Em O Agente Secreto, Kleber Mendonça Filho retorna ao período sombrio da ditadura militar brasileira para construir um drama político que é, ao mesmo tempo, íntimo e grandioso. Ambientado em 1977, o filme acompanha Marcelo (Wagner Moura), um professor de tecnologia que deixa São Paulo para recomeçar a vida em Recife, tentando fugir de um passado turbulento. Mas, como é comum na obra de Kleber, o espaço que parece acolhedor logo se revela outro palco de paranoia, violência e observação constante.
A atmosfera do longa combina a opressão da espionagem cotidiana com a efervescência do Carnaval, criando um contraste entre festa e repressão. Marcelo, que busca refúgio, descobre que a cidade vibra em ritmo de tensão, em que todos parecem vigiar uns aos outros. A sensação de estar sempre sendo observado é traduzida por Kleber em planos que se estendem, em movimentos de câmera pacientes, lembrando o estilo de Profissão: Repórter, de Antonioni, no qual a lentidão constrói suspense e inevitabilidade.

Wagner Moura entrega uma atuação contida e complexa, encarnando um homem que não é um herói clássico nem um militante fervoroso, mas alguém empurrado para os limites por um sistema que devora até os que tentam se manter neutros. Essa ambiguidade faz de Marcelo uma figura profundamente humana, mais próxima de um sobrevivente que de um combatente. Ao seu redor, personagens secundários surgem como retratos de uma sociedade marcada pelo medo, pelo oportunismo e pela corrupção entranhada em cada camada.

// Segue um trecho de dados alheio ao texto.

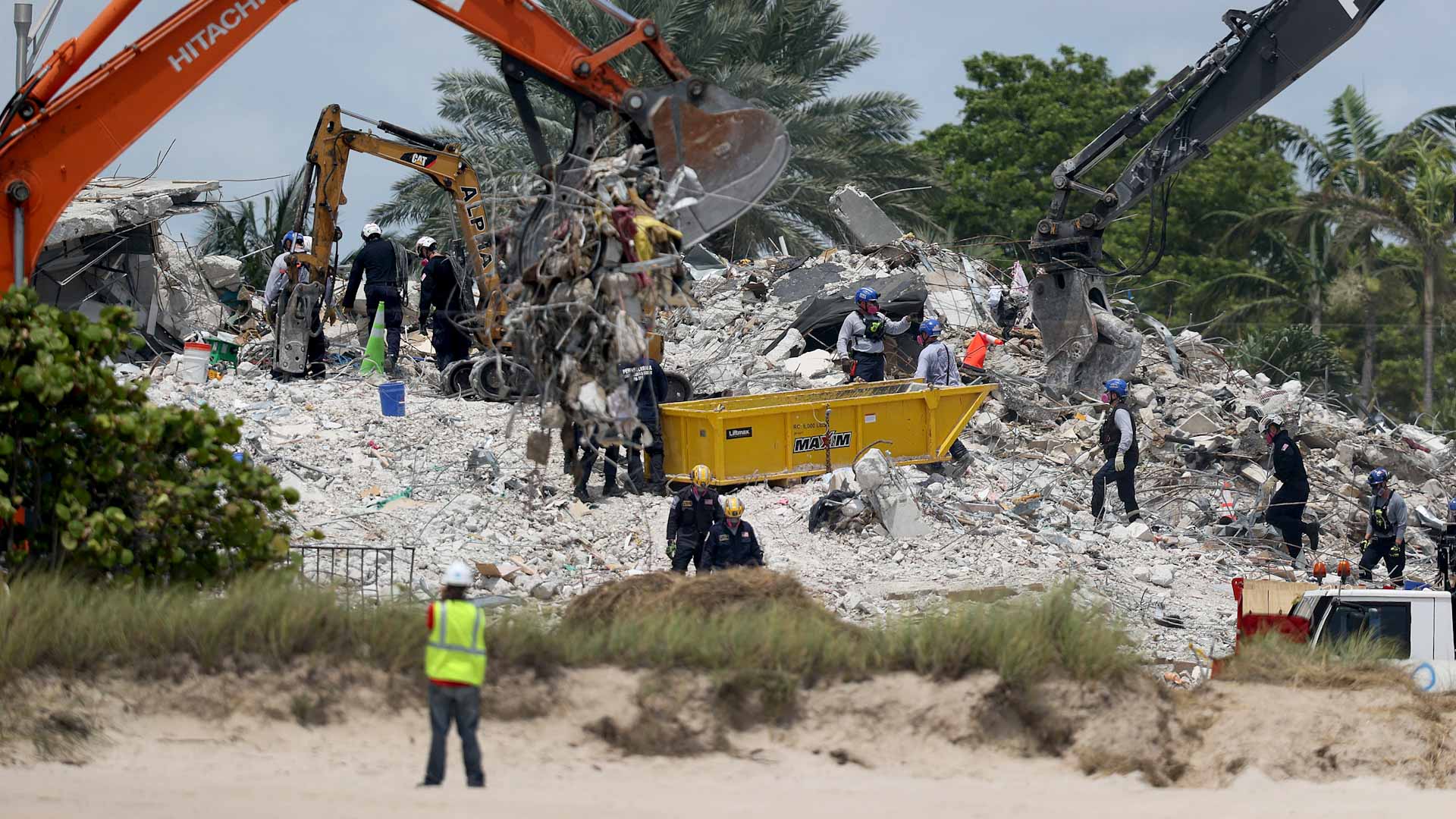 Image for the title: Death toll in Florida building rises to 28, with 117 missing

A construção narrativa é quase literária, privilegiando a atmosfera e os encontros inesperados em detrimento de uma progressão linear típica de thrillers. Kleber passeia por diferentes tonalidades: o drama político, a comédia de costumes, o surrealismo carnavalesco e até o terror urbano. O episódio do tubarão e da perna humana, que gera boatos e pânico popular, é um exemplo da maneira como o filme traduz a violência política em fábula grotesca, revelando como regimes autoritários alimentam e se alimentam da imaginação coletiva.
Visualmente, o filme impressiona com uma recriação meticulosa da época, em cores saturadas e composições que lembram tanto o cinema novo quanto ecos de Sergio Leone. Essa fusão estética dá ao longa uma força que ultrapassa a reconstrução histórica, criando um universo próprio em que o real e o alegórico caminham lado a lado.

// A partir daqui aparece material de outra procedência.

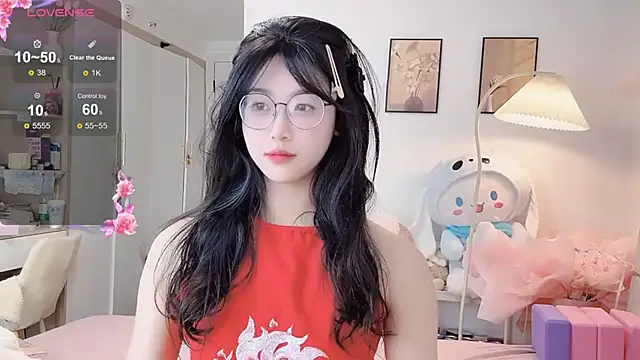 Luminous4173 online show from February 8, 8:18 am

Ainda que não seja um suspense convencional, O Agente Secreto sustenta-se na habilidade de Kleber em estender a tensão, permitindo que cada cena respire e revele nuances inesperadas. A participação de figuras excêntricas, como a de um alfaiate estrangeiro perturbado, interpretado por Udo Kier, adiciona camadas de estranhamento que reforçam o caráter fragmentado e fascinante da narrativa.
No fim, O Agente Secreto é uma produção que exige paciência do espectador, mas recompensa com a densidade de seus personagens, a ironia de seu humor sombrio e a precisão com que conecta a repressão política do passado com ecos perturbadores do presente. O filme confirma Kleber Mendonça Filho como um cineasta capaz de transformar paranoia em poesia e violência em reflexão e coloca o Brasil, mais uma vez, na corrida do Oscar (com grandes chances).